QUEBEC, CANADA, JANUARY 16, 2017 – SOCIÉTÉ D’EXPLORATION MINIÈRE VIOR INC. (TSX-V: VIO, FRANKFURT: VL51) – is pleased to announce the results of the 2016 summer exploration and sampling program on the Company’s wholly-owned Big Island Lake rutile project, located in the Lower North Shore region of the province of Quebec, approximately 25 kilometers north of the town of Havre-St-Pierre. The project is comprised of 84 contiguous claims representing 46.1 square-kilometers within the Havre-St-Pierre Anorthositic Complex where several massive ilmenite showings were identified. Most of the work that was carried out consisted in selected and channel sampling on the rutile showing known as the Big Island Lake showing.

The Big Island Lake showing lies as an east-west oriented massive ilmenite horizon outcropping sporadically over a strike length of at least 280 meters. A first field visit confirmed the presence of rutile associated to ilmenite and selected rock sampling returned titanium (TiO2) between 44.2% and 48.4%. During a second field visit four channels totaling 45.1 meters were sampled over the mineralized horizon in order to better document the distribution of the rutile within the Big Island Lake massive ilmenite showing (see figure on website, The weighted average titanium and iron values for each channel are presented in the table below:

Rutile mineralization is present in every channel over a thickness varying from 1 to 6 meters with concentration ranging from traces to locally 15%. Rutile is systematically associated to massive ilmenite and disseminated rutile crystals can also be observed in anorthosite blocks and fragments trapped within the rutile-rich massive ilmenite mineralization.

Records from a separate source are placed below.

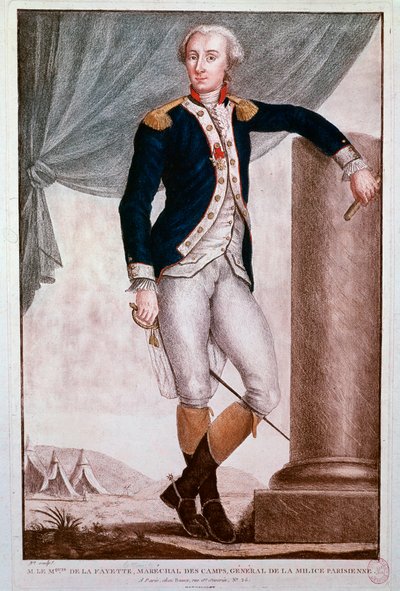 Portrait de Gilbert du Motier, Marquis de Lafayette (gravure) - Unknown artist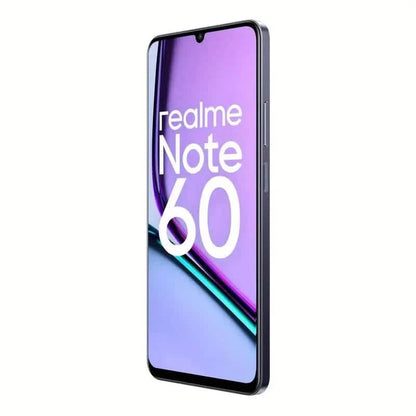 Realme Note 60 unlocked smartphone with 6GB RAM, 128GB storage, Android 14, shown from the front with a sleek design.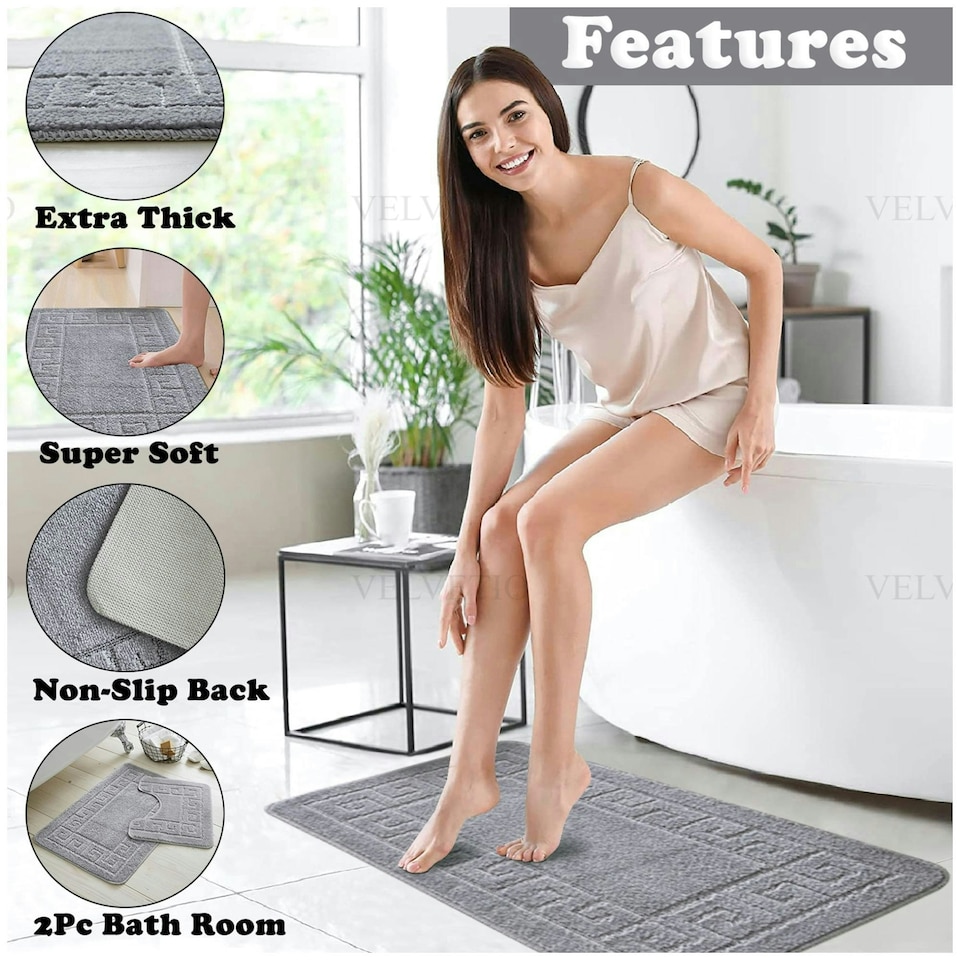 image 1 of VELVETIO Greek Bath Mat & Pedestal Mat Water Absorbent Non Slip Toilet Rugs Yellow | Lemon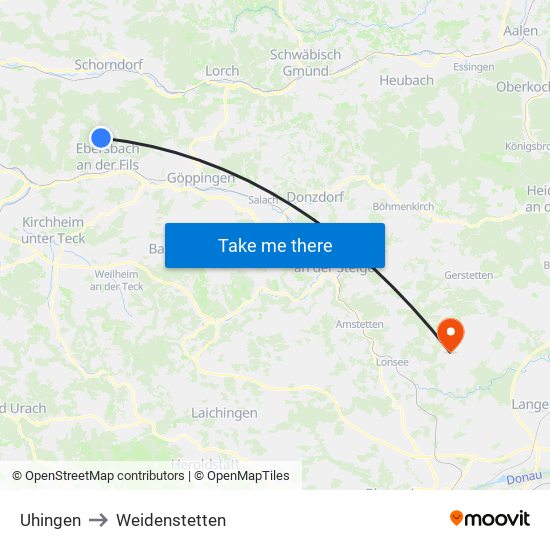 Uhingen to Weidenstetten map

Generally the presence of rutile in the ilmenite increases the TiO2 content beyond 40% whereas the massive ilmenite without rutile shows a TiO2 content varying from 30% to 39%. Historically, rock samples collected on other massive ilmenite showings on the project returned some TiO2 values over 40% which could suggest the presence of rutile. A geological reconnaissance including a systematic sampling of titaniferous showings is planned for summer 2017 on the project.

In the industry, most of rutile and ilmenite is processed into non-toxic white titanium dioxide pigment for use in the manufacture of paints, plastics, paper, textiles, cosmetics and ceramics. Rutile is also used to produce titanium metal for use in aircraft, spacecraft, surgical implants, motor vehicles and desalination plants (source: Geoscience Australia website).